Онодэра молча протянул ему пачку. Закурив, Ямадзаки с силой выпустил дым, словно хотел выдохнуть весь воздух из своих легких.

— Н-да, что ни говори, а землетрясение — событие страшное… — он нахмурил брови. — Сильный удар для Японии.

— Еще бы, — ответил Наката. — Но…

— А я, знаете, перестал верить… — Ямадзаки посмотрел в окно. — Неужели это может произойти на самом деле? Даже масштабы этого землетрясения кажутся мне чудовищными. А тут… не может быть… Изменения, которые по своим масштабам в сотни раз превзойдут нынешнее землетрясение… Нет, нет, это землетрясение меня убедило, что ничего подобного быть не может. Скорее всего, это бредовая фантазия тронувшегося умом старика-ученого…

— Многим, должно быть, так кажется, — сказал Наката. — И ученым в том числе. А у меня, наоборот, крепнет убеждение, что это произойдет. И явление это будет совершенно другого характера, чем настоящее землетрясение. Произойдут такие изменения в земной коре, каких мы себе даже и представить не можем. Конечно, будут и землетрясения, как вторичные явления… Но подлинные изменения будут происходить под тем слоем, в котором происходят землетрясения.

— Не могу поверить… — рассеянно повторил Ямадзаки. — Неужели?! Юкинага-сенсей, скажите…

Юкинага только едва заметно кивнул с непроницаемым лицом.

— И что же… тогда… что станет?.. Японцы… ведь сто миллионов… предприятия, дома…

— На мой взгляд, в худшем случае большинство погибнет, — сказал Наката. — Потому что подавляющее большинство людей не поверит. Будут сомневаться… Хорошо, если повезет и ничего особенно страшного не случится… Но нам тогда придется несладко, на нас посыплются все шишки, мы окажемся маньяками и жуликами. Будем преданы суду по обвинению в распространении вызывающих панику слухов и в растрате государственных средств. Несколько политических деятелей тоже будут отвечать вместе с нами. Я думаю, они это знают и, помогая нам, заранее готовятся к такому исходу. Но политические деятели, наверное, окажутся хитрее нас и как-нибудь выкрутятся. А если и предстанут перед судом, так заранее договорятся, кто им после окажет помощь за то, что они выступили в роли «жертв». А вот у нас не будет никакой поддержки.
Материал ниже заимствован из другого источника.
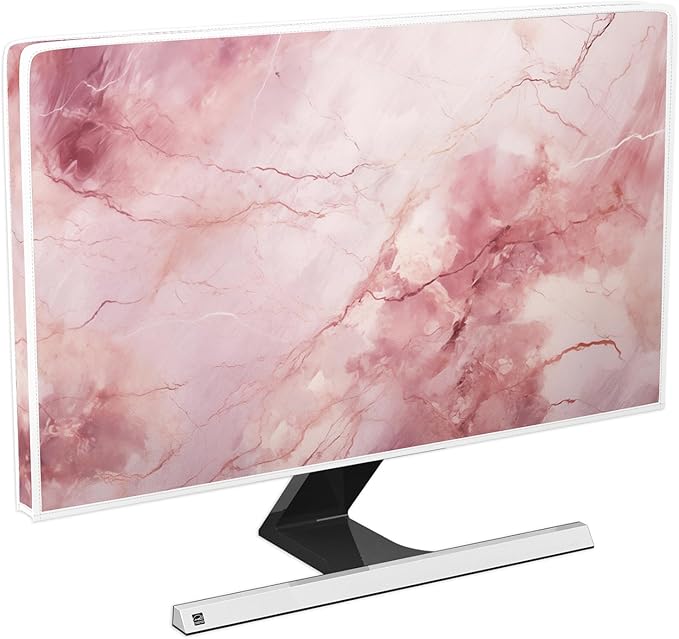 Baocicco Fashion Pink Marble Waterproof Television Cover 70 Inch Full Body Covers for Television Screen Panel Case Computer Sleeve Compatible with PC, Desktop and TV LED LCD OLED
Из нас легче всего будет сделать козлов отпущения. Возможно, нас даже убьют. Линчуют. Если это на самом деле случится, пока то да се, пока будут сомневаться да спорить, положение будет все больше ухудшаться, и наступит такой момент, когда никакие меры уже не помогут. Вот тогда-то и произойдет настоящая катастрофа — погибнут миллионы и миллионы…

— Наката, вы нигилист! — тихо сказал Ямадзаки.
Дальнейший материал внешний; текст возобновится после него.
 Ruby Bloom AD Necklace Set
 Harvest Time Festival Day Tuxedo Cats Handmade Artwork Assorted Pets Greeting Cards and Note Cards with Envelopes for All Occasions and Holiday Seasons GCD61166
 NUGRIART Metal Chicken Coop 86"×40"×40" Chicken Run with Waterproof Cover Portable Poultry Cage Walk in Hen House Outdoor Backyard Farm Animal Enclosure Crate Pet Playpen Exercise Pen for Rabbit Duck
— Почему? Я оптимист. Если сработает совершенно или почти неведомый нам уравновешивающий балансир и этого не случится, а если даже и случится, но ограничится малыми масштабами, тогда пусть общество разорвет меня, растерзает, пусть меня навсегда вышлют из Японии… Я все приму, все! Да притом еще поздравлю и общество, и ту страну, которая называется Японией! А пока что я считаю, что мы должны работать, исходя из предположения, что оно произойдет, и тогда, быть может, наша работа принесет хоть крохотную пользу, хоть на один или два процента уменьшит предполагаемый ущерб. Вот и все. Один процент — это очень много. Один процент — это миллион дорогих нашему сердцу японцев. И они будут спасены… Нет, в том случае, если мы окажемся правы, мы не станем героями. Тогда ведь будет ад кромешный. А какой смысл хвастать в аду правильностью своих пророчеств!